The chili Liz and I have tweaked over time is a combination of a classic chili and a smoky, outdoor flavor. If you are curious, our recipe is posted as a video at www.YouTube.com/BBQMyWay. In the “search videos” box enter “chili.” Some of the unique ingredients we use are beer, smoked pulled pork and a little chocolate, along with normal things like beef, tomatoes, jalapeno peppers and spices.
Simply put, we love our chili.
I called the organizer and learned that there were really no parameters on the competition, meaning almost anything could qualify as “chili.” A little deterred having learned that information, I decided I would still enter.
And here is what I find interesting. Of the 22 entries present at the competition, none of them (including mine) would have been eligible for a sanctioned chili competition. Just as there is the Kansas City Barbecue Society which sanctions and manages BBQ competitions, there is a society which sanctions and manages competitions for chili.

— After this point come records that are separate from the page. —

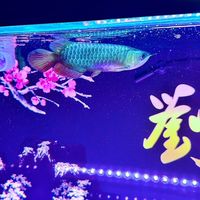 以魚會友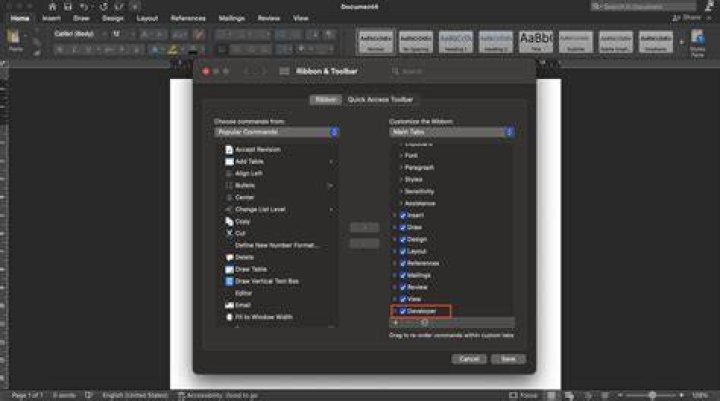 Select the Developer check box on the Customize the Ribbon screen on the Word Options dialog box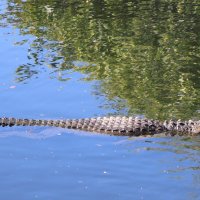 Аллигатор :: Yury 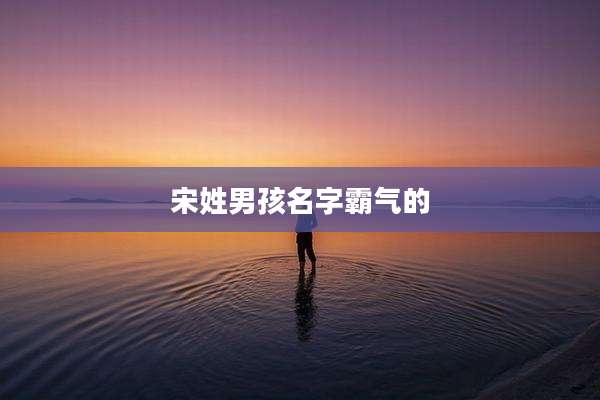 宋姓男孩名字霸气的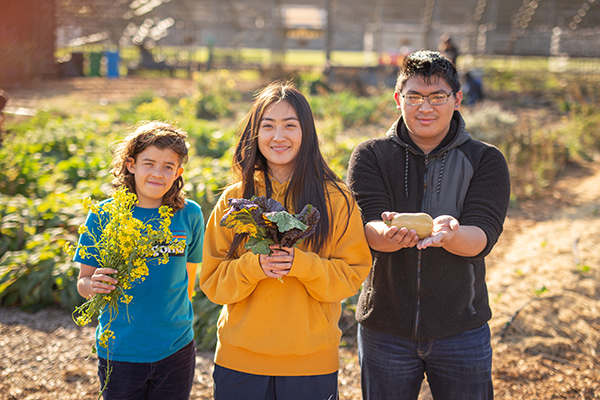 A group of 3 children with plants in their hands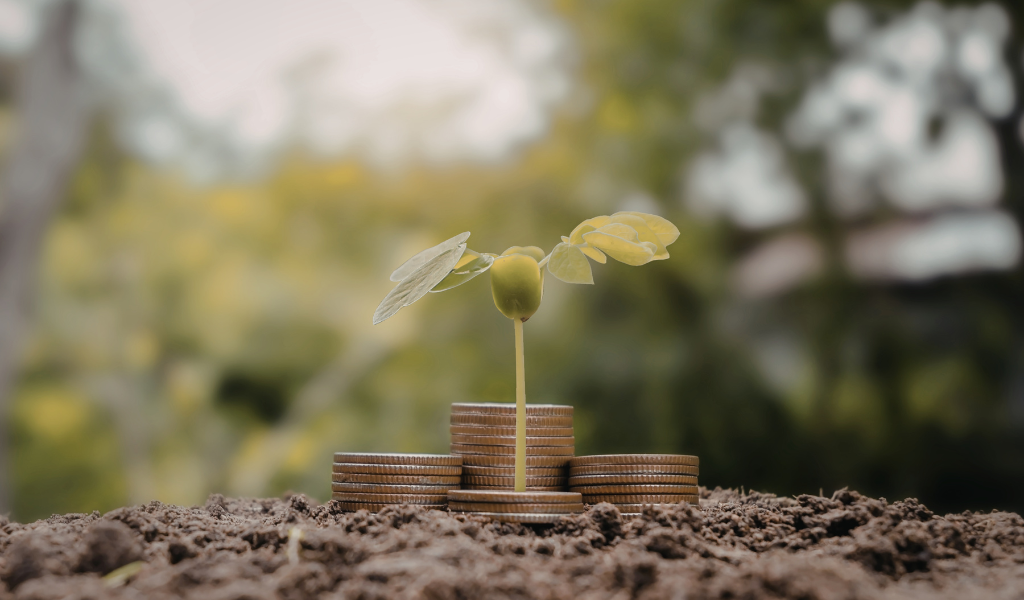 Analyse de sol : quels prix pour quels besoins en 2026 ?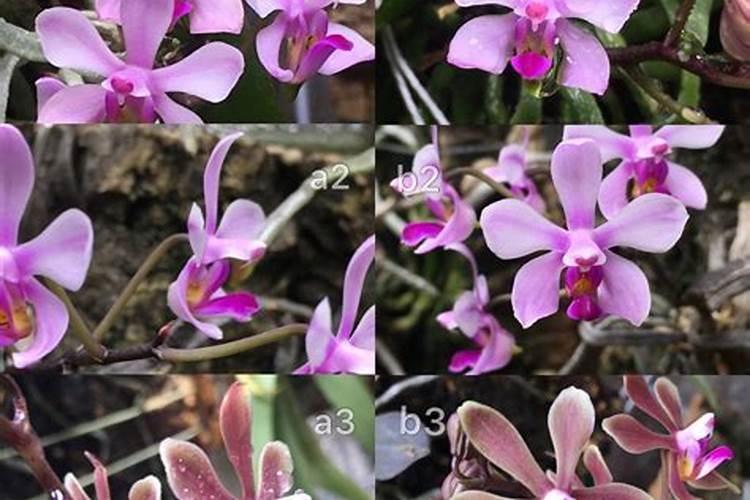 多菌灵可以浇花吗 能和复合肥一起浇吗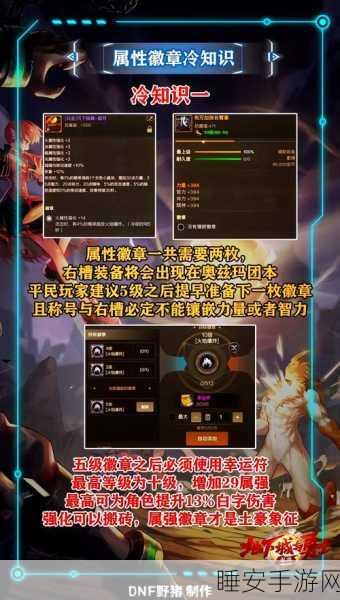 手游攻略,DNF属强选择大揭秘,全面解析多属强与单属强的优劣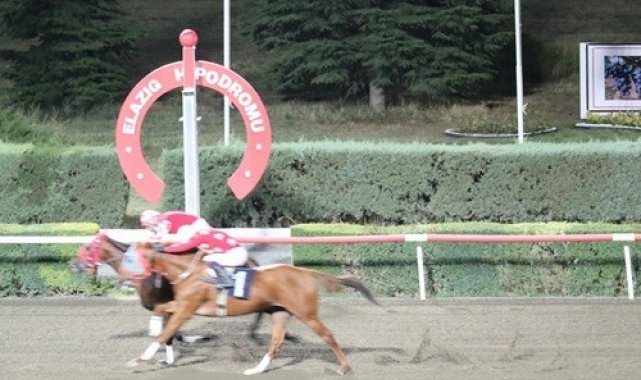 Elazığ Üzüm Festivali adına Elazığ Hipodromunda düzenlenen koşuyu Dothraki ...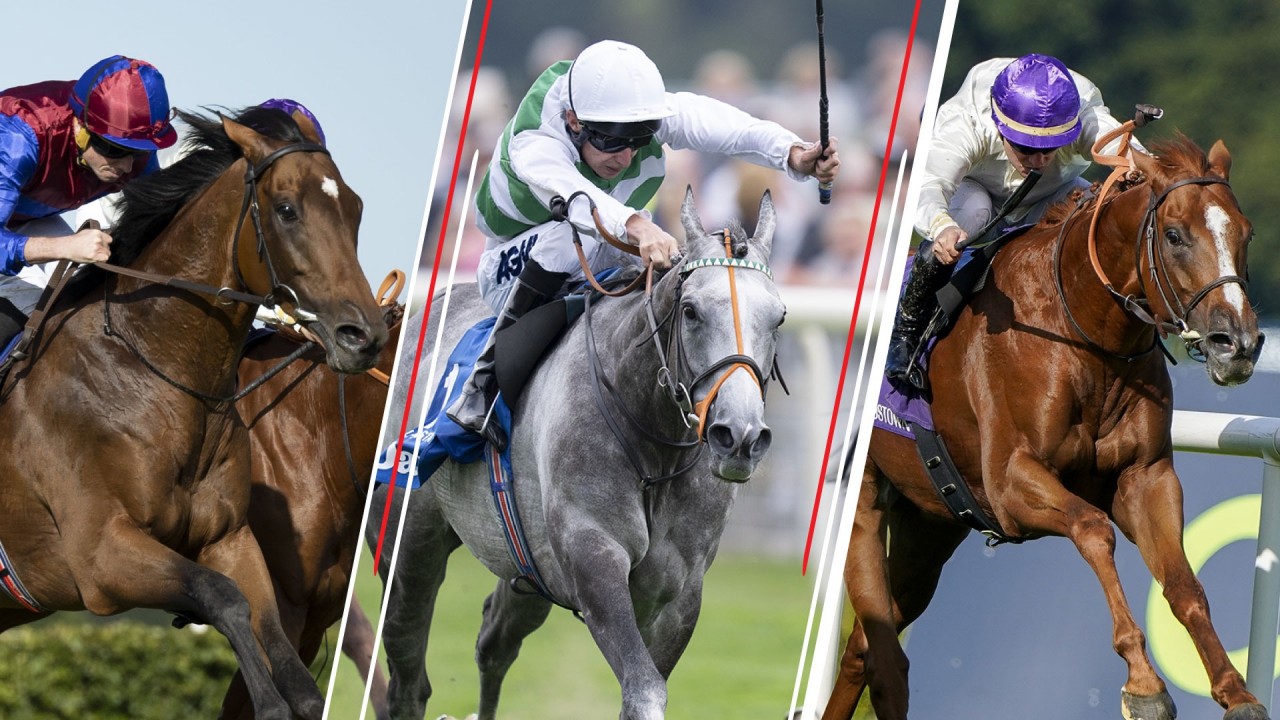 Prix de larc de triomphe 2022 betting trends what is ethereum wallet address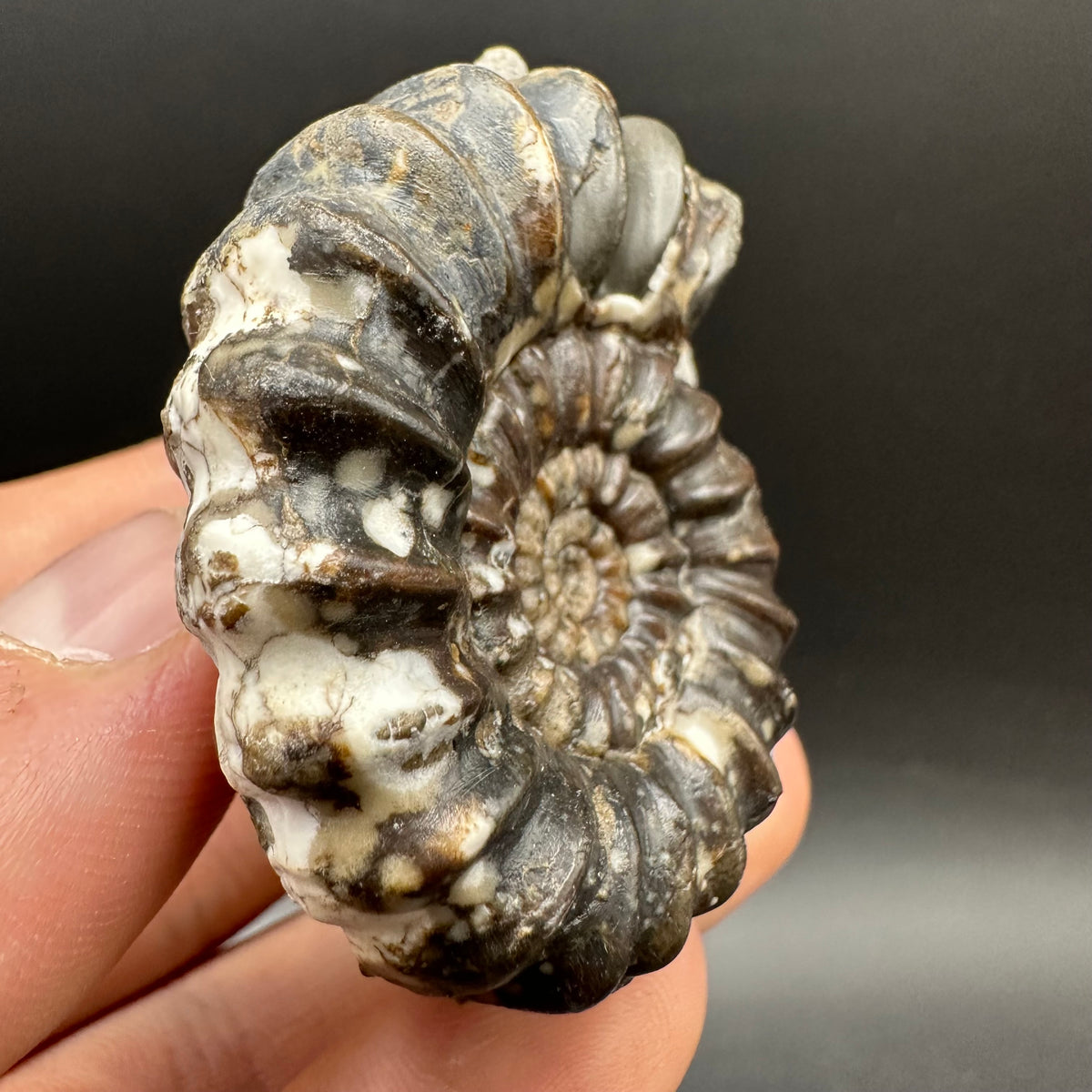 Androgynoceras maculatum ammonite fossil with box and stand - Whitby, North Yorkshire Jurassic Coast Yorkshire Fossils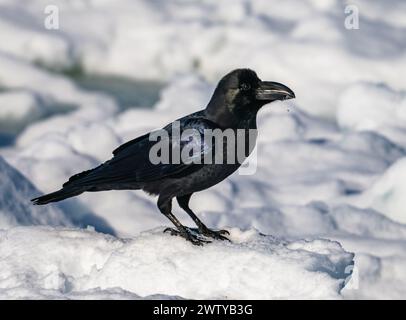 Eine Großschnabelkrähe (Corvus macrorhynchos), die auf schwimmendem Meereis steht. Hokkaido, Japan. Stockfoto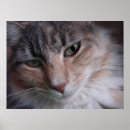 Zoek naar maine coon kunst Portret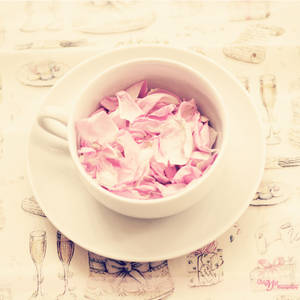 Cup of Roses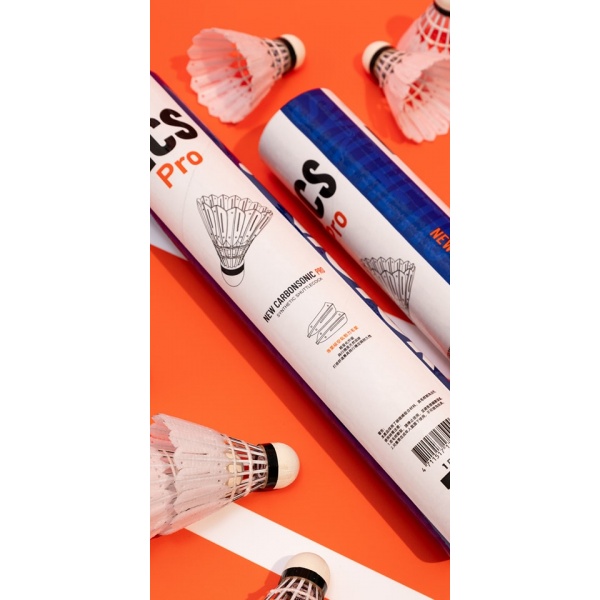 506337690_1038196001809539_4708364661146112032_n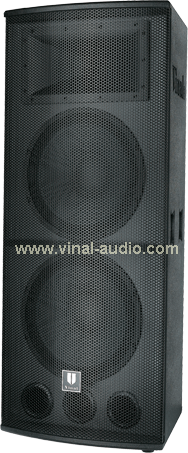 Professional Speaker (VS455)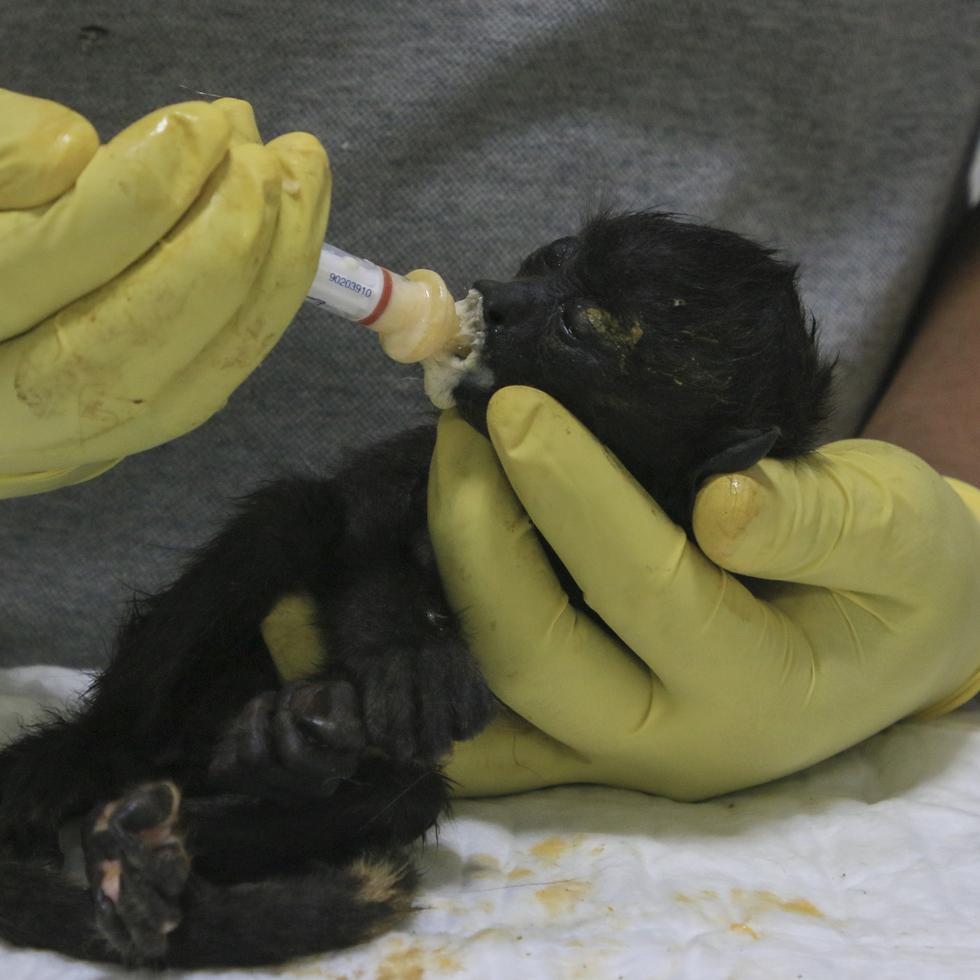 Un veterinario alimenta a un joven mono aullador rescatado en medio de temperaturas extremadamente altas en México.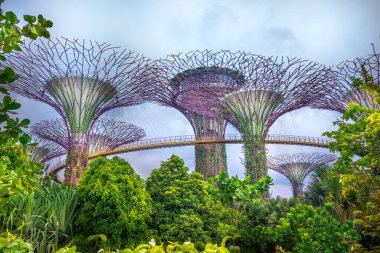 Singapur - Kasım 07, 2017. Körfezdeki Bahçelerdeki Süperağaç Korusu 'nun güzel manzarası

It's called The International Chili Society, aka the ICS. It is located in San Juan Capistrano, Calif. And here is how they define “chili" for their international competition.
Traditional chili is defined by the International Chili Society as any kind of meat or combination of meats, cooked with red chili peppers, various spices and other ingredients, with the exception of BEANS and PASTA, which are strictly forbidden.
Also, no ingredient may be pre-cooked in any way prior to the commencement of the official cook off.